─── Data listing ───

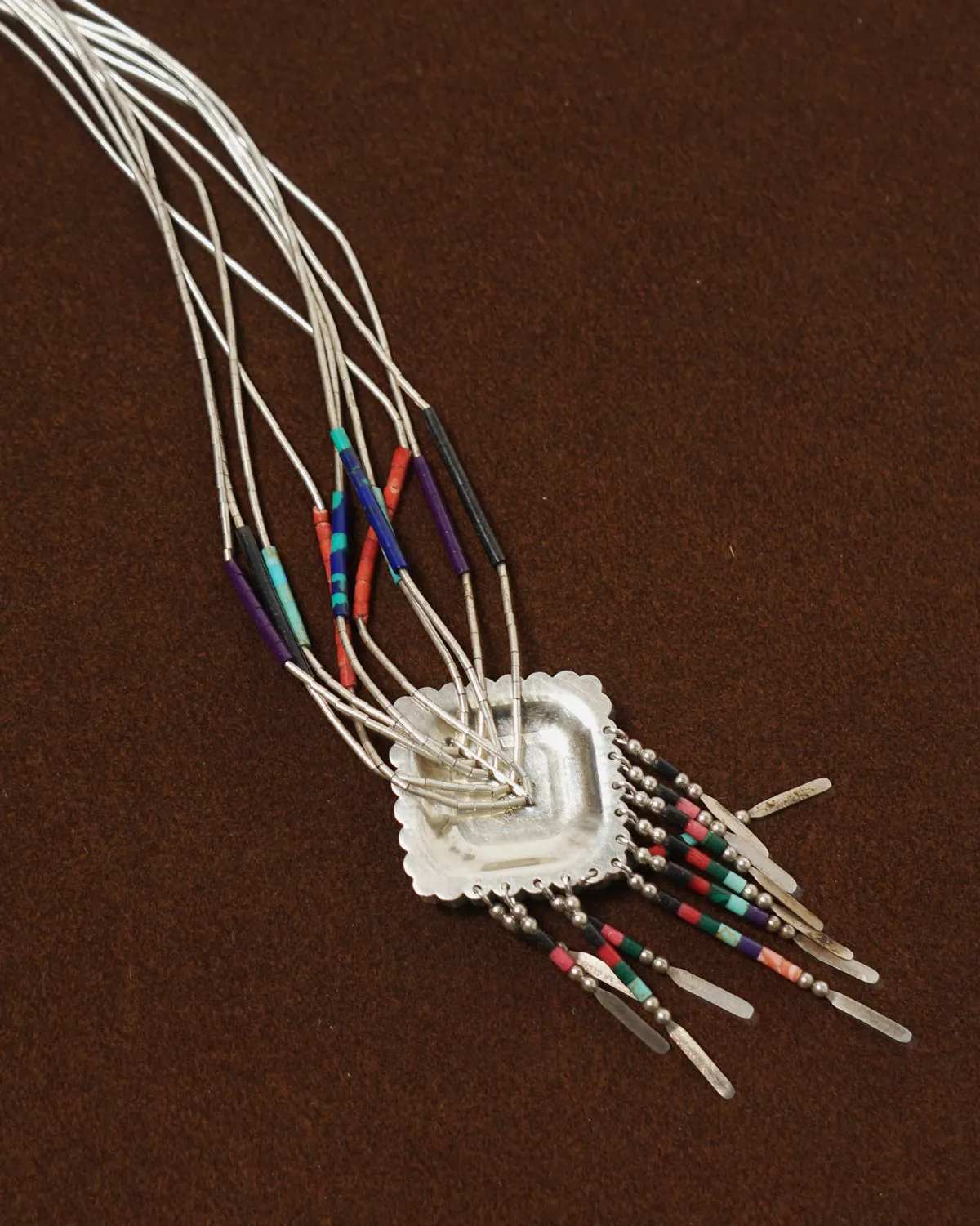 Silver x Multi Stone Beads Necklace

───
─── Data listing ───

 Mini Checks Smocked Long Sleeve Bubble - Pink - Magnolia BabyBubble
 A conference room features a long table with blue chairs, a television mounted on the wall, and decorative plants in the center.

───

Going back to the entries above, set down exactly the lines that begin at the one with "Mini Checks Smocked" and end at the one with "A conference room", both included, and nothing else.

 Mini Checks Smocked Long Sleeve Bubble - Pink - Magnolia BabyBubble
 A conference room features a long table with blue chairs, a television mounted on the wall, and decorative plants in the center.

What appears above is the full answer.